Activities planned for ‘Newcastle Girls Can’ week

Lycra at the ready


NUSU are holding their first ‘Newcastle Girls Can’ campaign to encourage more women to get involved in campus sport.

Starting on Tuesday (2nd May), organisers are promising a week of activities and inspiring talks for “self-indentifying women only”, based around the national Sport England campaign ‘This Girl Can’.

The week of activities has been organised by NUSU sabbatical officers and campaigners, who say there is a problem with an unreasonable public perception of the female body and certain sports facilities in Newcastle that are seen as “male only”.

Participators in the campaign can benefit from free taster sessions, including a two-hour women-only weight training session in the Sports Centre plus pole dancing and fencing.

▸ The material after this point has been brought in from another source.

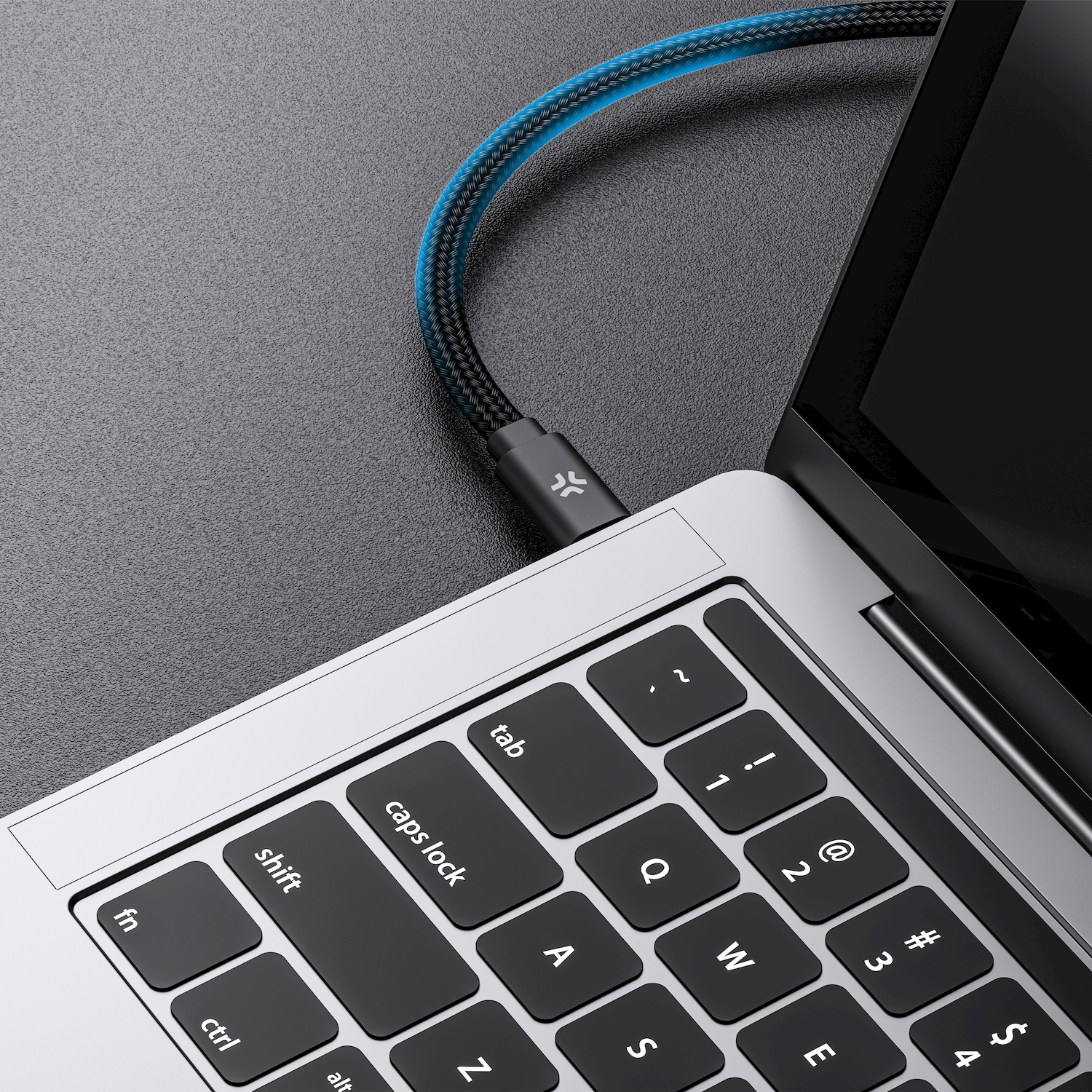 Un cavo USB-C nero con accenti blu si collega a un laptop.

Racial Equalities Officer at NUSU and organiser, Safiya Robinson, said: “There’s a problem because we live in a society that doesn’t allow women to take up space in the same way that men are able to.”

“Every year, in the Sports Centre feedback surveys, female students report feeling unsafe or under confident whilst using the sports facilities with spaces like the weights room being seen as “male only” spaces.”

“We live in a society that that shames women’s bodies, whether they are too skinny, too large, too muscular etc.”

“I couldn’t give a definitive answer as to what can be done about it, but acknowledging these issues and how we are all complicit in perpetuating them is definitely a good place to start”.

You do not need a sports centre membership to get involved in the activities. Participators are asked just to let the Sports Centre reception know you are there for a Newcastle Girls Can event for entry.

Asked whether it was sexist to exclude men from the activities, Politics and History fresher and regular gym-user, Sophie said:

“It’s “sexist” to keep anyone out of a space because of their gender in a theoretical way, yes, but it’s also meaningful for a group to have a place where they can feel safe and comfortable.”

“These events act as ‘confidence builders’ and can lead to women feeling more comfortable joining in with activities that have been traditionally male-centric. There are times when both men and women can benefit from gender-specific services.”

“If women feel like they will gain confidence in a women-only environment by all means provide that environment, but make it clear that this is not about putting men down, because that is not what feminism is”.